W nocy z wtorku na środę doszło do eksplozji w budynku Konsulatu Generalnego RP w Łucku na Ukrainie. Na szczęście nikt nie ucierpiał.
– Potwierdzamy, że po północy czasu miejscowego 29 marca br. (ok. godz. 23.30 czasu w Polsce-red.) w budynku Konsulatu Generalnego RP w Łucku doszło do eksplozji – czytamy w komunikacie Ministerstwa Spraw Zagranicznych.
– Został wystrzelony pocisk bardzo dużej mocy i uderzył w dach nad mieszkaniem, w którym mieszkają pracownicy konsulatu – mówi konsul RP w Łucku. – Dobrze, że nikt nie zginął. To jest najważniejsze.
Została zniszczona elewacja budynku konsulatu. – Oględziny przeprowadzone przez służby ukraińskie wykazały, że wybuch spowodował pocisk z granatnika – podaje MSZ. – Wszystkie polskie konsulaty na Ukrainie są zamknięte – dodaje Sawicki. – Nie wiadomo kiedy będziemy mogli wrócić do pracy.
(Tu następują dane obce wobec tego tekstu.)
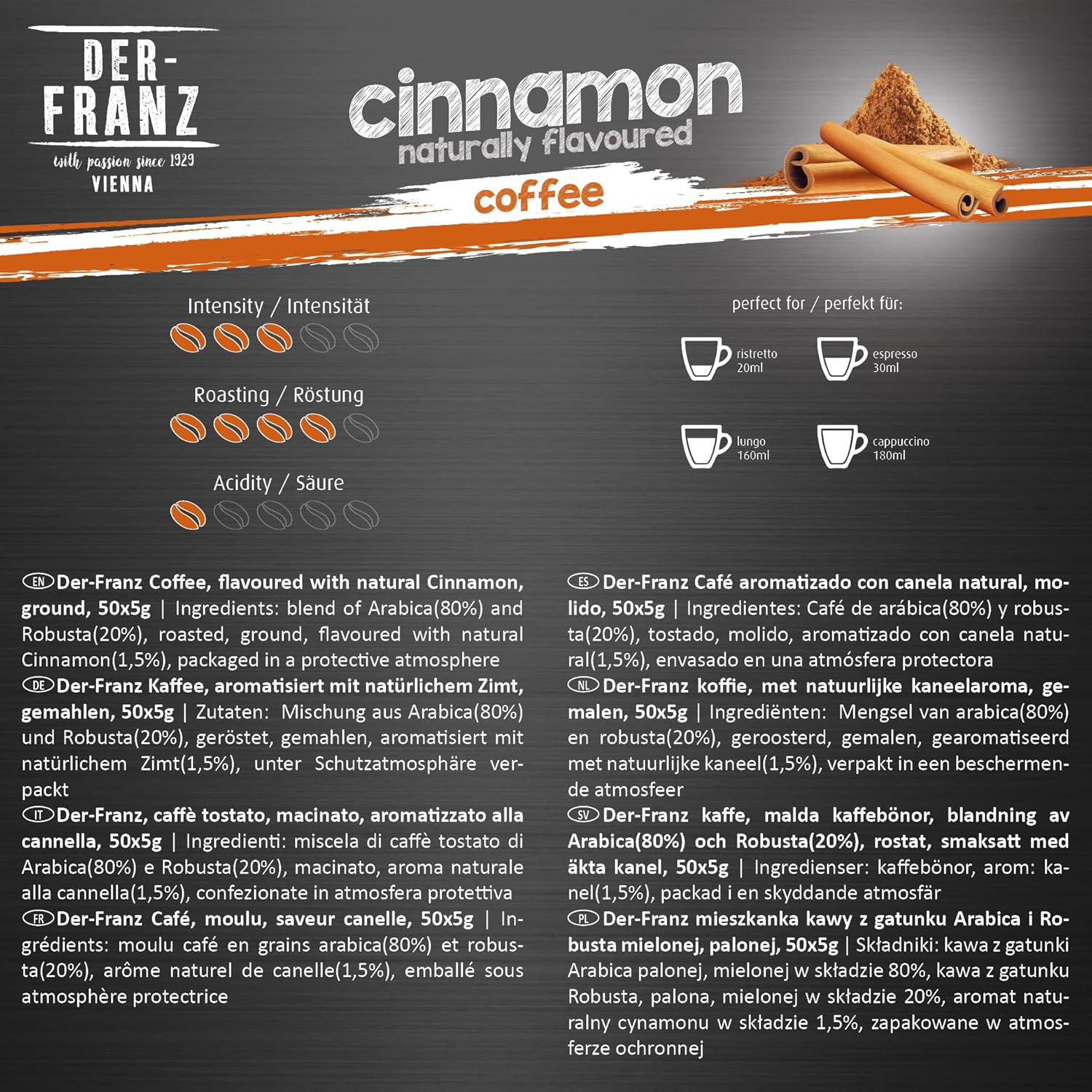 Thumbnail 5 de Der-Franz Kaffee Pack ganze Bohne, aromatisiert (5 x 500 g) – Nuss, Vanille, Schokolade, Zimt, Karamell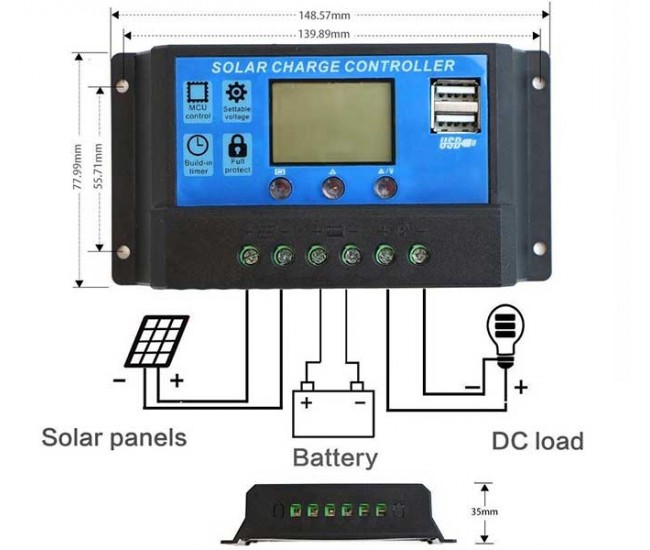 Controler panou solar 12/24v 10a mini dual usb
Do Ministerstwa Spraw Zagranicznych RP został wezwany ambasador Ukrainy w Polsce. – Nasza placówka w Kijowie wystosuje ponadto notę protestacyjną do ukraińskiego MSZ – czytamy w komunikacie MSZ. – Oczekujemy od służb ukraińskich zapewnienia skutecznej i wzmożonej ochrony placówek na Ukrainie oraz jak najszybszego wyjaśnienia okoliczności zdarzenia, ustalenia i zatrzymania sprawców.
- To bardzo niepokojące. Po raz pierwszy jesteśmy ofiarą dosłownej militarnej agresji. Liczymy że rząd ukraiński zrobi wszystko żeby ustalić i ukarać sprawców tego haniebnego wydarzenia. Podejrzewam jednak, że te pociski nie zostały wystrzelone ukraińskimi rękami i ze jest to prowokacja wymierzona w dobre relacje polsko-ukraińskie, związana z tym, co dzieje się we wschodniej Ukrainie - mówi wicepremier Jarosław Gowin.
Konsul generalny Ukrainy w Lublinie Wasyl Pawluk mówi wprost, że jest przekonany, że za atakiem stoją Rosjanie. - Nie mam najmniejszych wątpliwości, że to ich robota. Od dawna robili wszystko, żeby skłócić nasze narody. Teraz doszło do radykalnych działań. To jest przykre. Całe szczęście, że nikt nie zginął, ani nie został ranny. Proszę Boga, żeby do takich wydarzeń, jakie mają miejsce na Ukrainie nigdy nie doszło w Polsce – mówi Pawluk.